_TASK TO COMPLETE_. The response should consist of every line below, restated exactly, with no pictures.

_DATASET SECTION_.
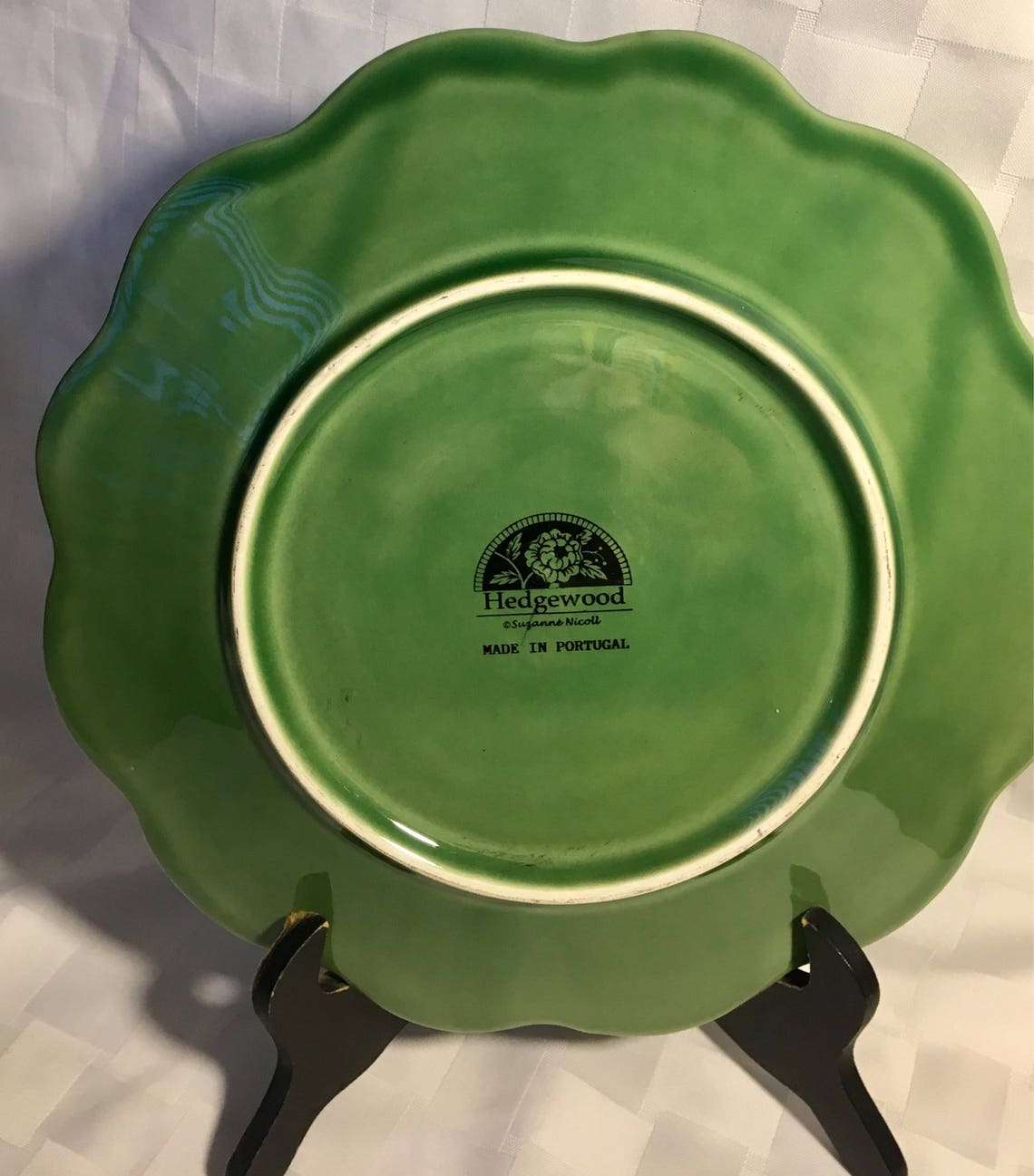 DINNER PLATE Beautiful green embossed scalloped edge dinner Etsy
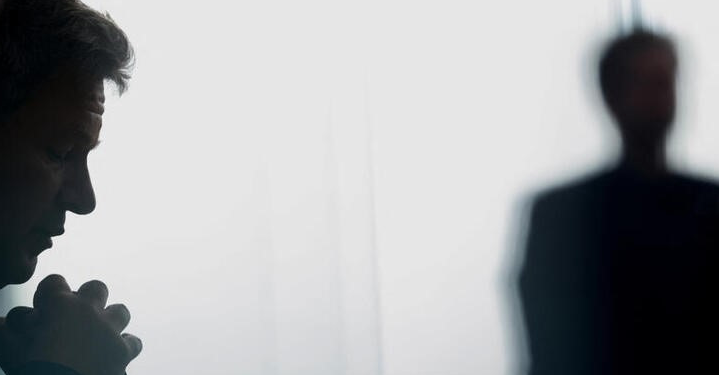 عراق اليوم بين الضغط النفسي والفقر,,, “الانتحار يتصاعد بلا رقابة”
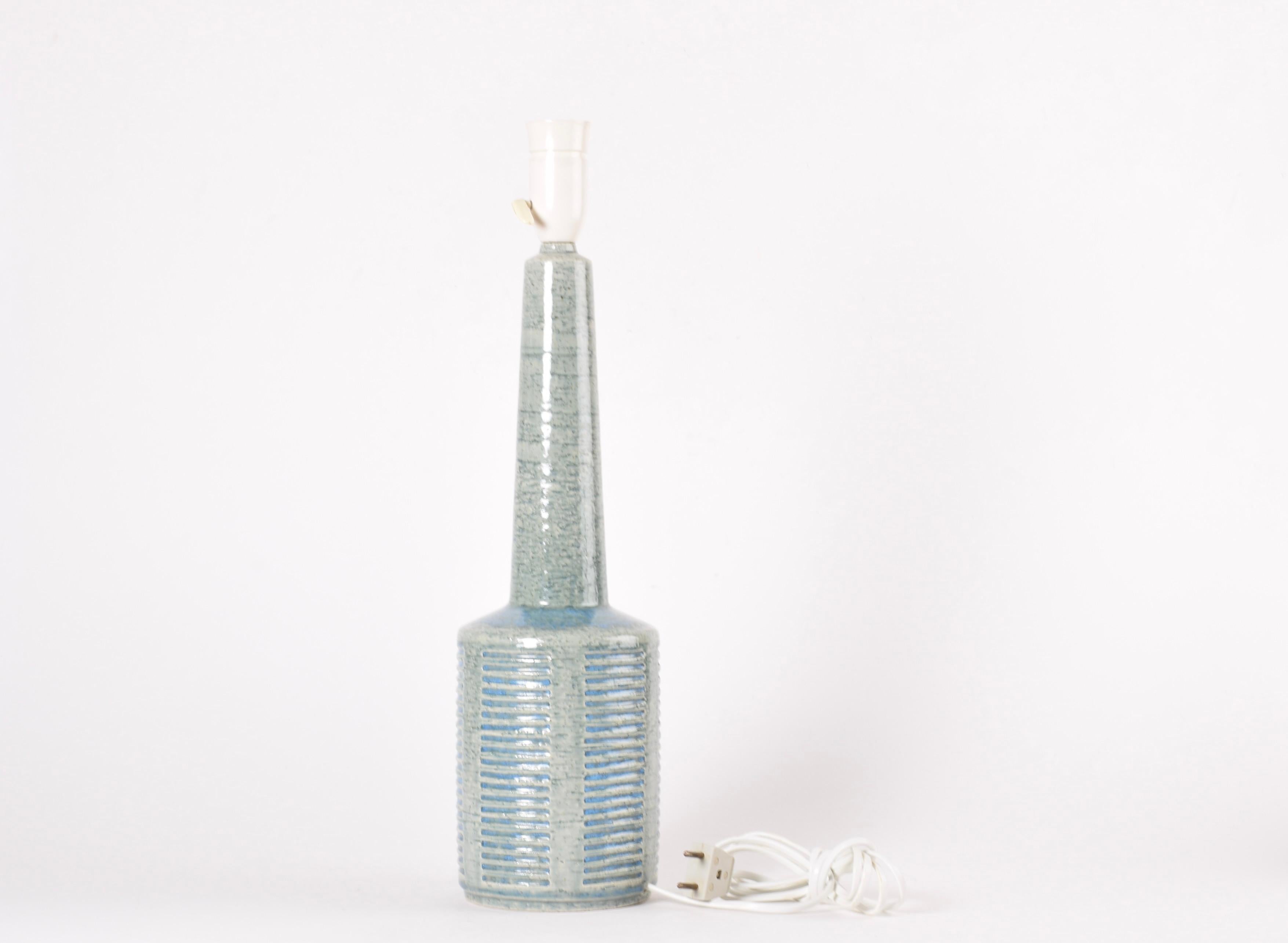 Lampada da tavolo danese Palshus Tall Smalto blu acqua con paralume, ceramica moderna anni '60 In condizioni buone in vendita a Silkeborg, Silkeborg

_TASK RESULT_.
 DINNER PLATE Beautiful green embossed scalloped edge dinner Etsy
 عراق اليوم بين الضغط النفسي والفقر,,, “الانتحار يتصاعد بلا رقابة”
 Lampada da tavolo danese Palshus Tall Smalto blu acqua con paralume, ceramica moderna anni '60 In condizioni buone in vendita a Silkeborg, Silkeborg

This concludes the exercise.